• PROBLEM DETAILS
Only the stretch of the listing below that runs from the line with "Master bedroom made" through the line with "Aidan Turner as" is to be printed, exactly and with both ends.

• LISTED RECORDS
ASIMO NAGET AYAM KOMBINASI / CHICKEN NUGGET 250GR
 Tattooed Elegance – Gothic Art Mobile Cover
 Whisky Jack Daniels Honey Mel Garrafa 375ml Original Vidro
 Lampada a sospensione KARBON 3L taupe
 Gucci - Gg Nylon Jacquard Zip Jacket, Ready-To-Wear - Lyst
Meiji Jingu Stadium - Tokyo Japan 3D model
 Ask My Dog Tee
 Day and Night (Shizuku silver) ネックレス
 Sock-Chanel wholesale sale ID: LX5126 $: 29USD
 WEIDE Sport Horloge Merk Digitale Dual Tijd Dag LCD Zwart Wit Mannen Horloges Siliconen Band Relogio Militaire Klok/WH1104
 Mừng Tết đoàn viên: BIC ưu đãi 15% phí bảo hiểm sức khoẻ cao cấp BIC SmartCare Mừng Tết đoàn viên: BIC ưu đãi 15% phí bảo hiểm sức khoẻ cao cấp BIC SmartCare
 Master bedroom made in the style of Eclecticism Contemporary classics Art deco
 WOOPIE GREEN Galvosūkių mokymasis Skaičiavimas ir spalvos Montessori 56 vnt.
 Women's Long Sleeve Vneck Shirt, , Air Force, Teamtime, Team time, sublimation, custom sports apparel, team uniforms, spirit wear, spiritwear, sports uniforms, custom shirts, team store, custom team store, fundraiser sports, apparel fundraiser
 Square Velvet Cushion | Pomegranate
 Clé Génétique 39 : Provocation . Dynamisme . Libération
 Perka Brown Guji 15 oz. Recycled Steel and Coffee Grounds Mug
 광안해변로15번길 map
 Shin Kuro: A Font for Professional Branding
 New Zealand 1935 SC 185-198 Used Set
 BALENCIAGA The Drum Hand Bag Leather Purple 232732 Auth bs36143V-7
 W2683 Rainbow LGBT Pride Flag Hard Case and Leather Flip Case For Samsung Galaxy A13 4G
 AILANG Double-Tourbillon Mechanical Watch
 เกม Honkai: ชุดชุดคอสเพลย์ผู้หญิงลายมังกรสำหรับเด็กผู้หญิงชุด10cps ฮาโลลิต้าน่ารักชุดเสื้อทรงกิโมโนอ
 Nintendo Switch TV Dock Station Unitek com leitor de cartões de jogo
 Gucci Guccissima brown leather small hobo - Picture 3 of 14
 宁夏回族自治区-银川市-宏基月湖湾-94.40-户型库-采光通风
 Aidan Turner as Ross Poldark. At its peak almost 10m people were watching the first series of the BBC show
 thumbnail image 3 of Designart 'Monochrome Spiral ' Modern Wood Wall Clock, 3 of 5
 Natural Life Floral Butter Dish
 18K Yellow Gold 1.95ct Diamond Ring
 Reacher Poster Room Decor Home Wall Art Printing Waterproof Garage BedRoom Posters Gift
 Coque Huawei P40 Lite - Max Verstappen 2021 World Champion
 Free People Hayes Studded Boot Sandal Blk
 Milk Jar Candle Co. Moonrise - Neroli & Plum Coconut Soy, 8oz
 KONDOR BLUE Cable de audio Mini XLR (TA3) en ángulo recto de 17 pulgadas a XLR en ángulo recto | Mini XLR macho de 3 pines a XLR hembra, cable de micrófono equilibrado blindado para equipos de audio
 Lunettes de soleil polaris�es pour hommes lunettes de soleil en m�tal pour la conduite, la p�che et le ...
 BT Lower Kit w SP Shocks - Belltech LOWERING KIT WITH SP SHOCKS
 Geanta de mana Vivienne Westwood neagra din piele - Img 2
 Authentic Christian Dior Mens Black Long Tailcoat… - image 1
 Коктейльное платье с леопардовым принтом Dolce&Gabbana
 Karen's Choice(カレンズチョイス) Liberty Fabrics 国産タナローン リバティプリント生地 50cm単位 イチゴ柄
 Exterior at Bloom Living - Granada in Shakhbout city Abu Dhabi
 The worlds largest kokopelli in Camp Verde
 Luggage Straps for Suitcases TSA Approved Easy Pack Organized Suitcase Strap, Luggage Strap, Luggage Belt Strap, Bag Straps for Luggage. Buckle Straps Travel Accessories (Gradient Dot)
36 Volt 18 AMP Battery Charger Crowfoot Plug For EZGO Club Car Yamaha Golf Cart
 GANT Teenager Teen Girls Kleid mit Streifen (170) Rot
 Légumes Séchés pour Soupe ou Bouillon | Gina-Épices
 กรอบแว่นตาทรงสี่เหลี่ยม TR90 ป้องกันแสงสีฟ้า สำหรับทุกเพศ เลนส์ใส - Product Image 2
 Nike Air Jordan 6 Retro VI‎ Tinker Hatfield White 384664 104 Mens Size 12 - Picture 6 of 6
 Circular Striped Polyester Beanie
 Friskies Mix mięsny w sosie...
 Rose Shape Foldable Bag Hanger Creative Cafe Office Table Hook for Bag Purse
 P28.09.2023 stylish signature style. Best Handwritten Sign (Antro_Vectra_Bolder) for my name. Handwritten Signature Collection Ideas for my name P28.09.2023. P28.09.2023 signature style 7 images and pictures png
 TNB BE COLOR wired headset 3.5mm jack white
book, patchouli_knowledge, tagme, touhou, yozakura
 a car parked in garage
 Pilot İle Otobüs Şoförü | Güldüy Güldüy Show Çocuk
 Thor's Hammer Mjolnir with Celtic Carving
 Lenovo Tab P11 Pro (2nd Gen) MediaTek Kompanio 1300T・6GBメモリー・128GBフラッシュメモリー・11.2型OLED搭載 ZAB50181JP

• REPLY TO THE EXERCISE
 Master bedroom made in the style of Eclecticism Contemporary classics Art deco
 WOOPIE GREEN Galvosūkių mokymasis Skaičiavimas ir spalvos Montessori 56 vnt.
 Women's Long Sleeve Vneck Shirt, , Air Force, Teamtime, Team time, sublimation, custom sports apparel, team uniforms, spirit wear, spiritwear, sports uniforms, custom shirts, team store, custom team store, fundraiser sports, apparel fundraiser
 Square Velvet Cushion | Pomegranate
 Clé Génétique 39 : Provocation . Dynamisme . Libération
 Perka Brown Guji 15 oz. Recycled Steel and Coffee Grounds Mug
 광안해변로15번길 map
 Shin Kuro: A Font for Professional Branding
 New Zealand 1935 SC 185-198 Used Set
 BALENCIAGA The Drum Hand Bag Leather Purple 232732 Auth bs36143V-7
 W2683 Rainbow LGBT Pride Flag Hard Case and Leather Flip Case For Samsung Galaxy A13 4G
 AILANG Double-Tourbillon Mechanical Watch
 เกม Honkai: ชุดชุดคอสเพลย์ผู้หญิงลายมังกรสำหรับเด็กผู้หญิงชุด10cps ฮาโลลิต้าน่ารักชุดเสื้อทรงกิโมโนอ
 Nintendo Switch TV Dock Station Unitek com leitor de cartões de jogo
 Gucci Guccissima brown leather small hobo - Picture 3 of 14
 宁夏回族自治区-银川市-宏基月湖湾-94.40-户型库-采光通风
 Aidan Turner as Ross Poldark. At its peak almost 10m people were watching the first series of the BBC show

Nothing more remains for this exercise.